A customer recently called me about the information on his power quality monitor screen. He said about a dozen different events were showing up, but the lights had just blinked once. He wanted to know what all of the other nonsense was supposed to tell him. Why did his process stop when the lights blinked off for a second? It was certainly a valid concern, but my attempts to explain the validity of the different types of transients and other events that were listed along with the sag (aka, the blink, or “dip” in other parts of the world) fell on deaf ears.
By the commonly used power quality standards, such as IEEE 1159 or IEC 61000-4-30, “a sag (dip) is a decrease to between 0.1 and 0.9 pu in rms voltage or current at the power frequency for durations of 0.5 cycles to 1 minute.” Right away we have some confusion, as “pu” or “per unit” is not a common term in many users’ vocabularies. If you multiply the number by 100, it can be thought of as a percentage. So, a sag is a reduction to somewhere between 10 and 90 percent of the nominal or normal voltage, whether it is 120 volts (V) nominal (12 to 108V) or 480V (48 to 432V) or even 345 kilovolts (kV) (34,500 to 310,500V).
This variation in the rms voltage has a companion on the high side, called a swell, when the voltage goes above 110 percent, or 1.1 pu. An interruption (or outage in the old terminology) is when voltage is below 10 percent of nominal. In some other parts of the world, 5 percent is the line for an interruption, but there aren’t many pieces of equipment that care whether it is 10 percent, 5 percent or 1 percent. The same thing happens: the equipment fails to operate.
The IEEE Std 1159 gives further labels or characteristics to the sag by how long it lasts: instantaneous, 0.5–30 cycles; momentary, 0.5–3 seconds; and, temporary, 3 seconds to 1 minute. In a few words, these labels help describe the seemingly complex waveforms and rms voltage plots. Some power quality instruments add another label upstream or downstream to finding the problem origin. This is very effective in determining where to go to fix the problem.

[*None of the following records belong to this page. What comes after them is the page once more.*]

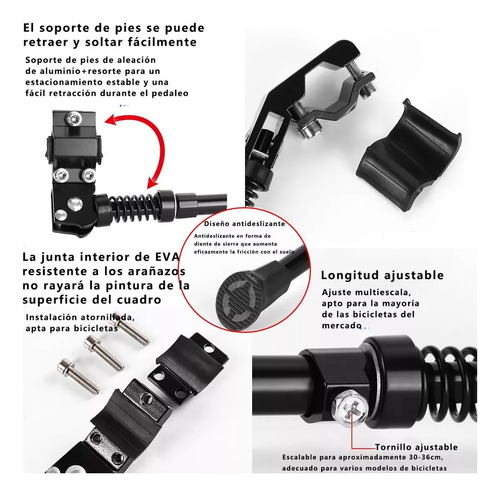 Ajustable Bicicleta Patas De Cabra Soporte Rueda Trasera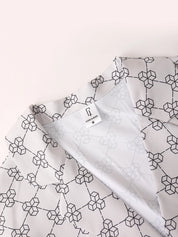 Conjunto Masculino Geométrico Branco e Bege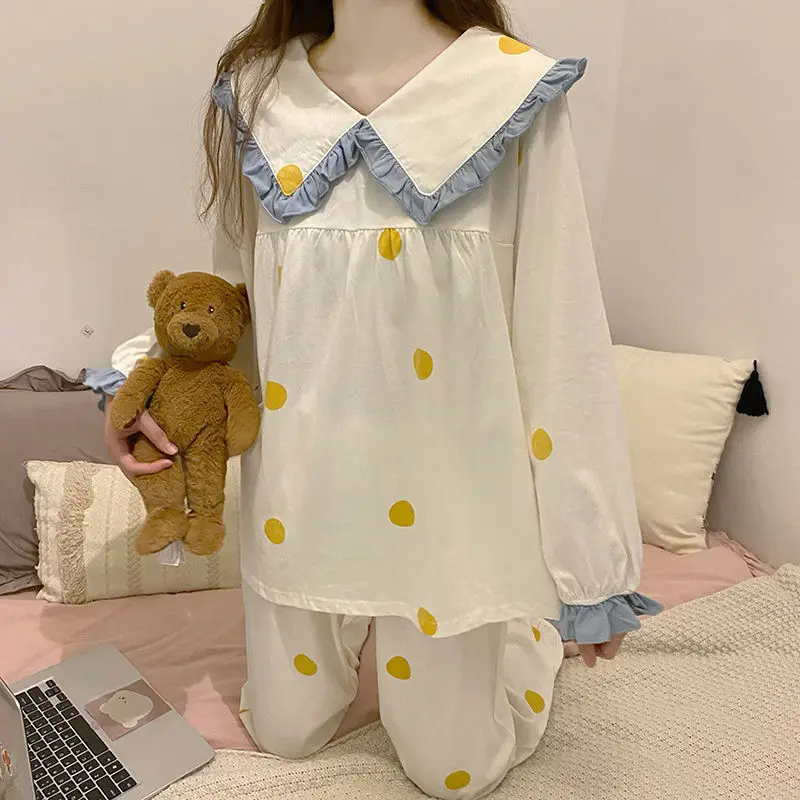 QWEEK Kawaii Pajama Womens Two Piece Sets Polka Dots Ruffles Pijamas Navy Collar Sleepwear  Loungewear Spring Autumn Pyjamas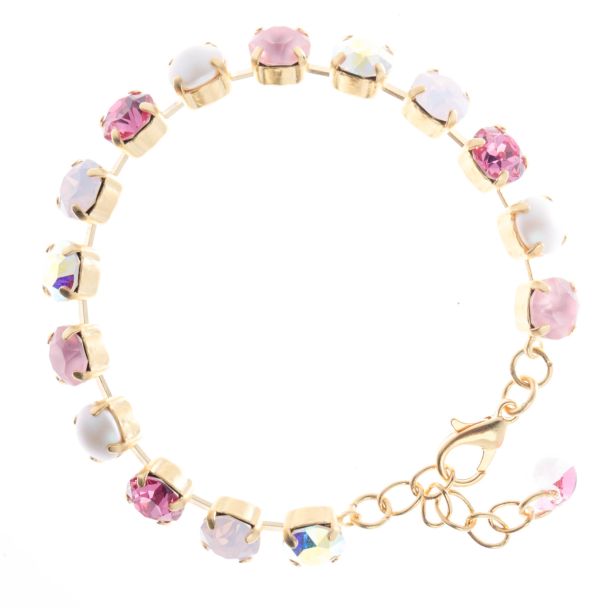 YPMCO 8mm Swarovski Crystal Tennis Bracelet - Pink & Pearl Combo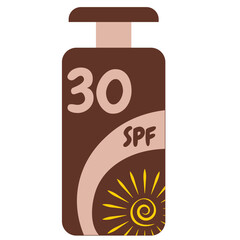 Sunscreen bottle isolated on white background. Doodle style orange tube of sun cream with sun sign and 30 sun protection factor SPF text.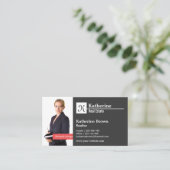 白黒のモノグラムのモダンな最小主義の写真 名刺 (スタンド正面)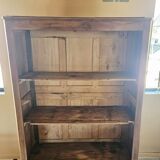 Large antique wooden kitchen furniture – bookshelf / crockery cabinet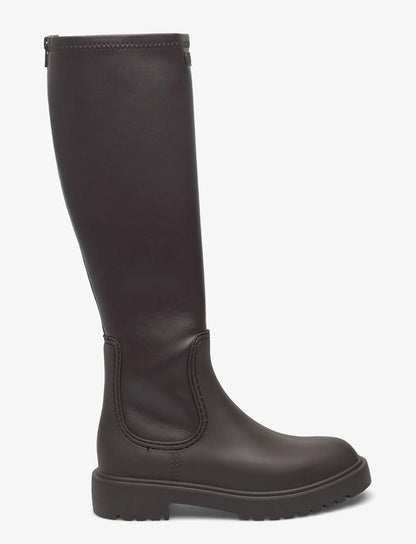 Dark Brown Tall Boots with Sturdy Sole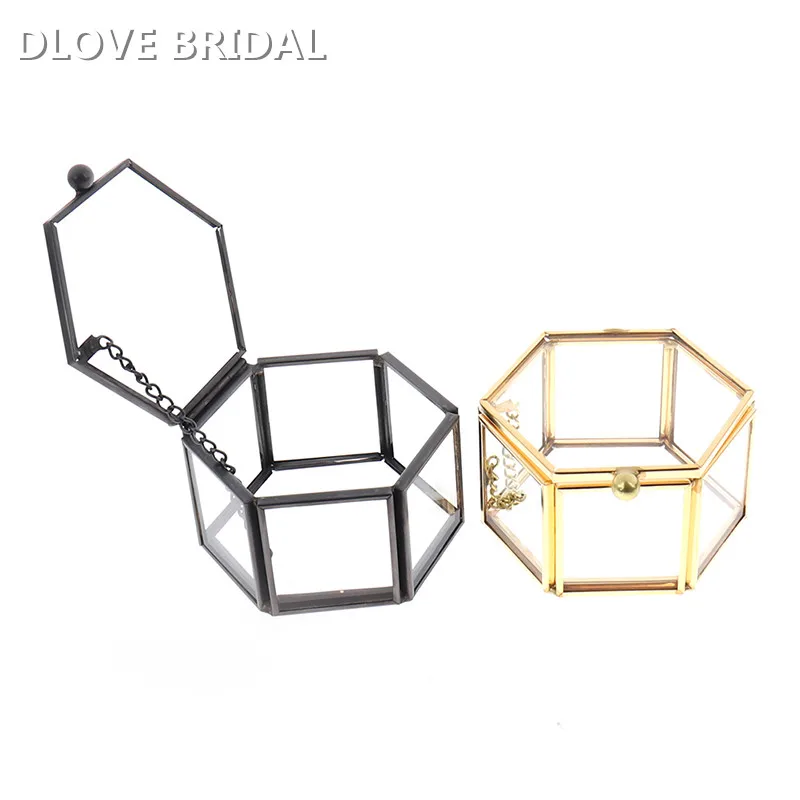 Wedding Ring Box Geometrical Clear Glass Jewelry Box Jewelry Organize Holder Ring Boxes Necklace Bracelets Earrings Accessories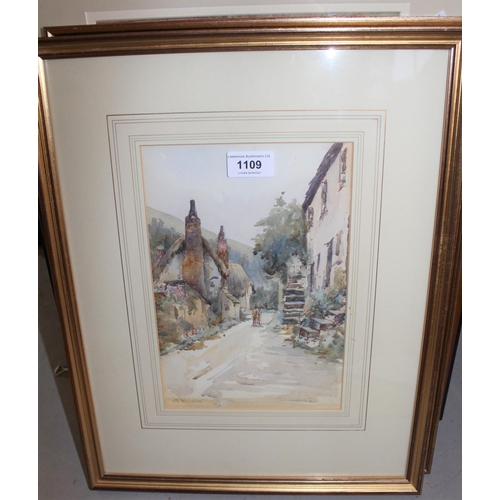 1109 - M. Wellman, pair of watercolours, street scenes with figures, signed, 10ins x 6.75ins, gilt framed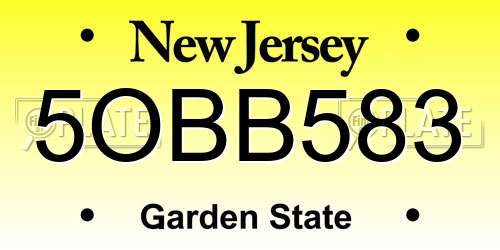 5OBB583 New Jersey License Plate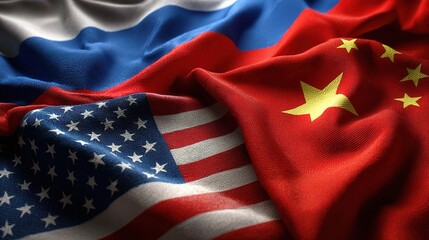 dark brutal russian, chinese and american flags background with copy space. political banner. russia vs america vs china. superpowers.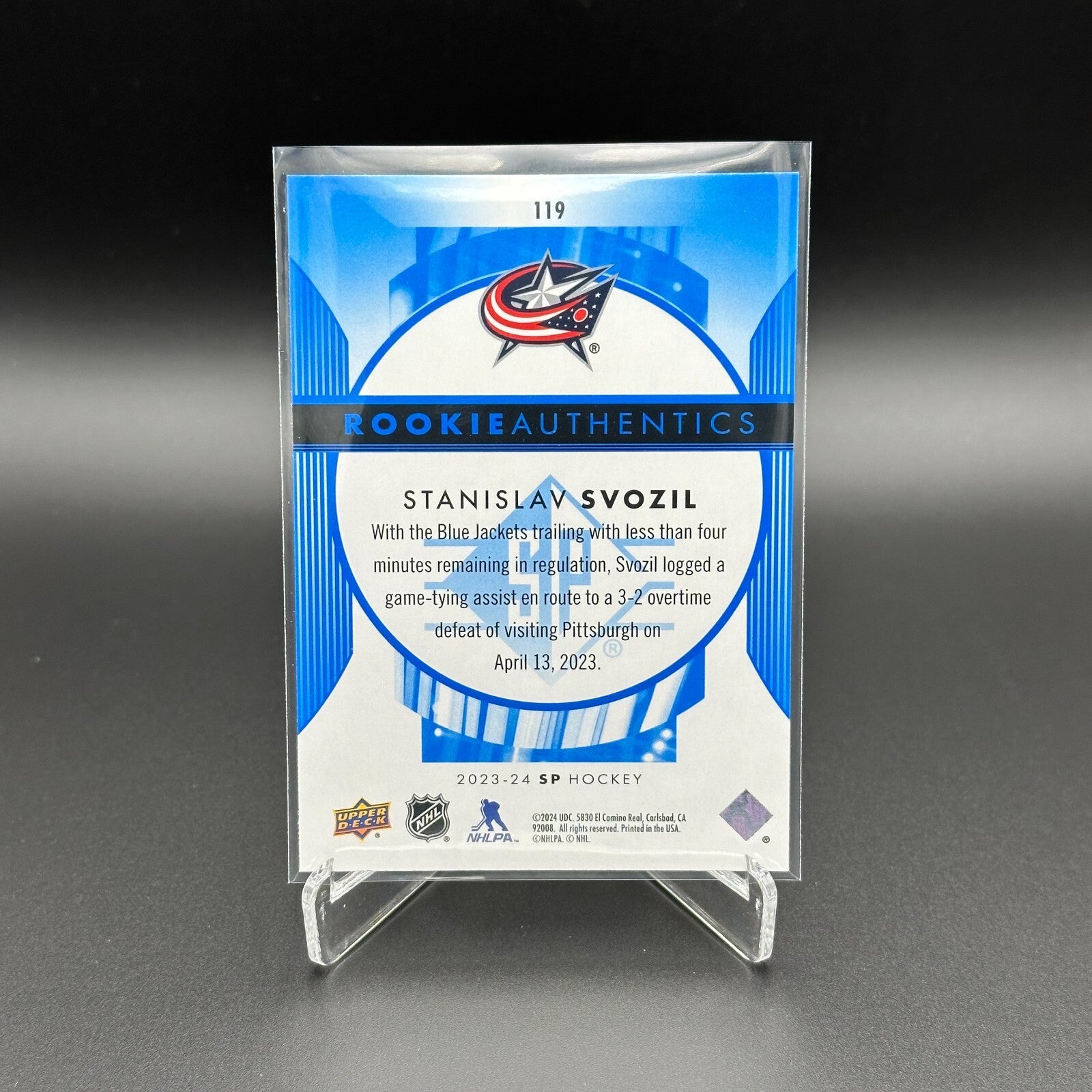 2023-24 UD SP Authentic STANISLAV SVOZIL #119 Rookie Authentics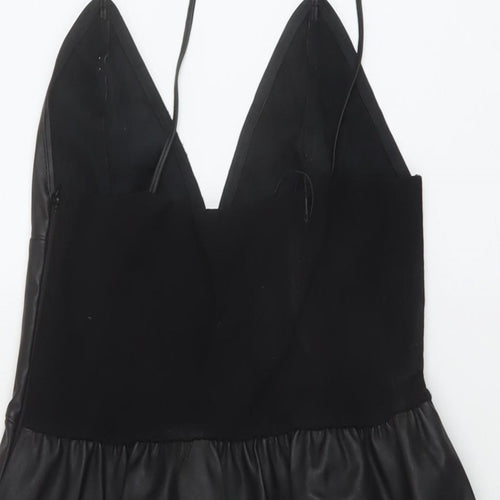 Zara Womens Black Polyester A-Line Size S V-Neck Zip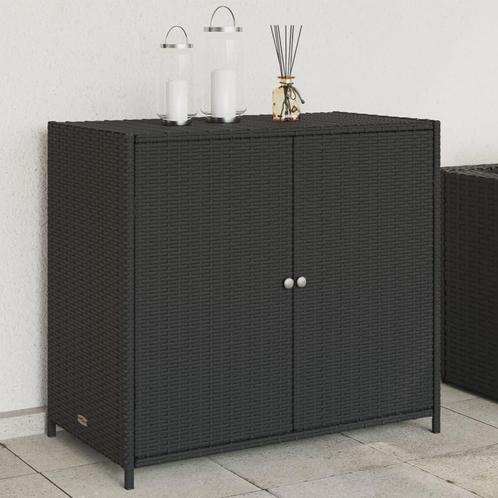 vidaXL Tuinkast 83x45x76 cm poly rattan zwart, Tuin en Terras, Overige Tuin en Terras, Nieuw, Verzenden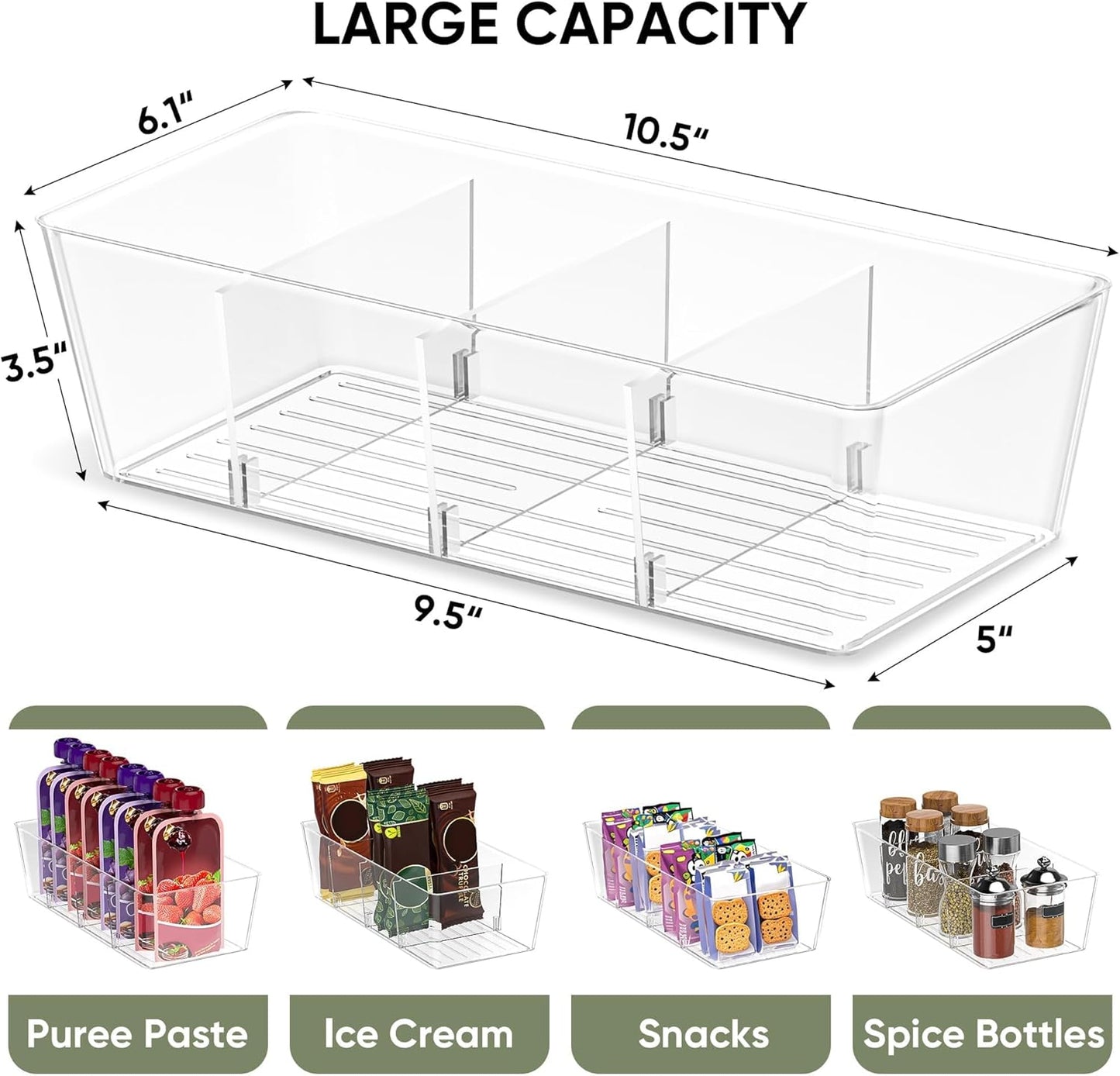BALEINE Pantry Organizers and Storage Bins, Plastic Clear Storage Bins with 3 Removable Dividers, BPA-Free Fridge Organizers for Kitchen Cabinet Bathroom (10.5x6.1x3.5, 6PK)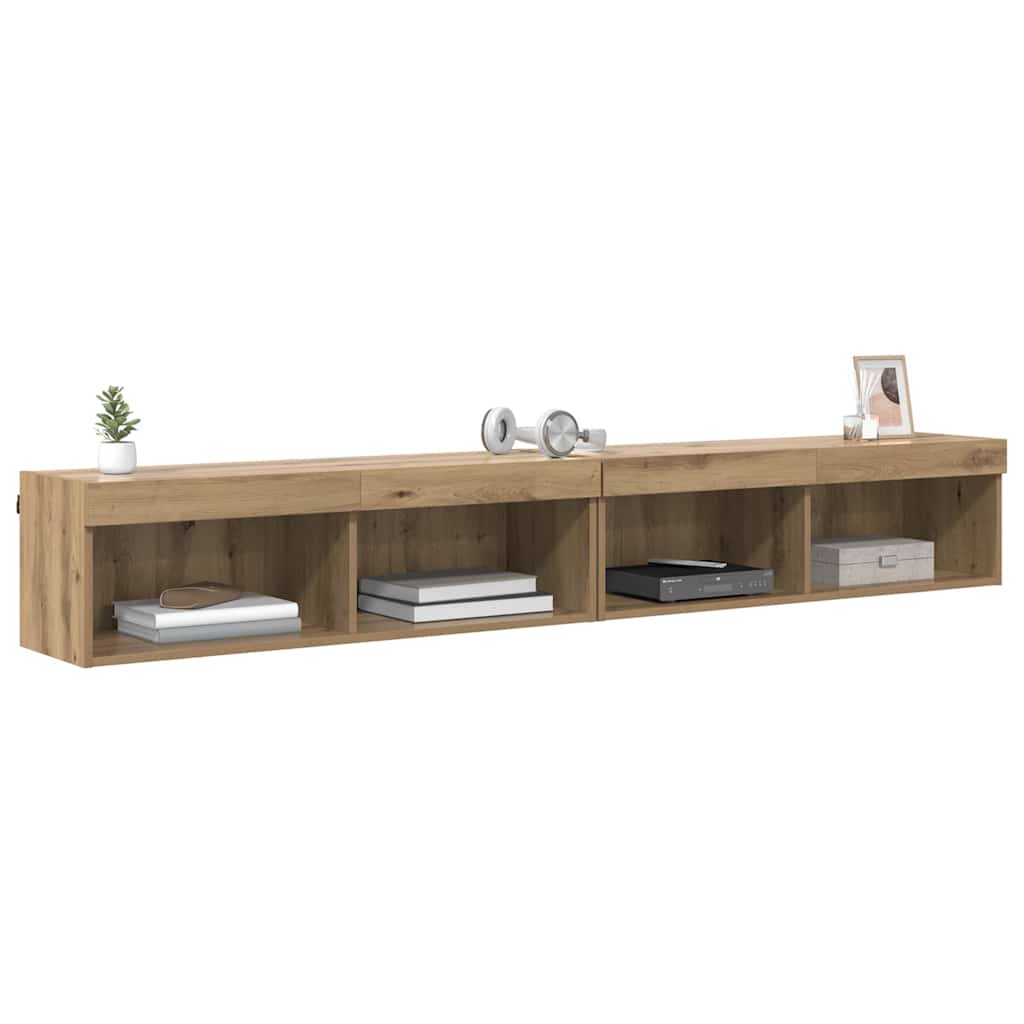 TV Cabinet Set with LED Lights 100x30x30 cm 2 pcs Artisan oak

Another IEEE standard, 1564, is a guide to further reduce a lot of data into indices. More specifically, 1564 methods for quantifying the severity of individual rms variation events, for quantifying the performance at a specific location (i.e., single-site indices) and for quantifying the performance of the whole system (i.e., system indices).
Another common question about sags is, “How does my site’s data compare to others?” This can be misleading because there are a lot of variables that can make a comparison to other data less meaningful. For example, the results of typical sag magnitudes from the Electric Power Research Institute (EPRI) Distribution Power Quality (DPQ) project in the 1990s produced a graph of percent magnitudes of typical values (as in Figure 1) from data recorded on distribution feeders. Would this be the same as on the welding line of an automobile factory outside Detroit or for a data center on the 57th floor of an New York office tower? Probably not. As many studies have shown, a large percentage of power quality disturbances originate within a facility. These events aren’t likely to have shown up in the DPQ data.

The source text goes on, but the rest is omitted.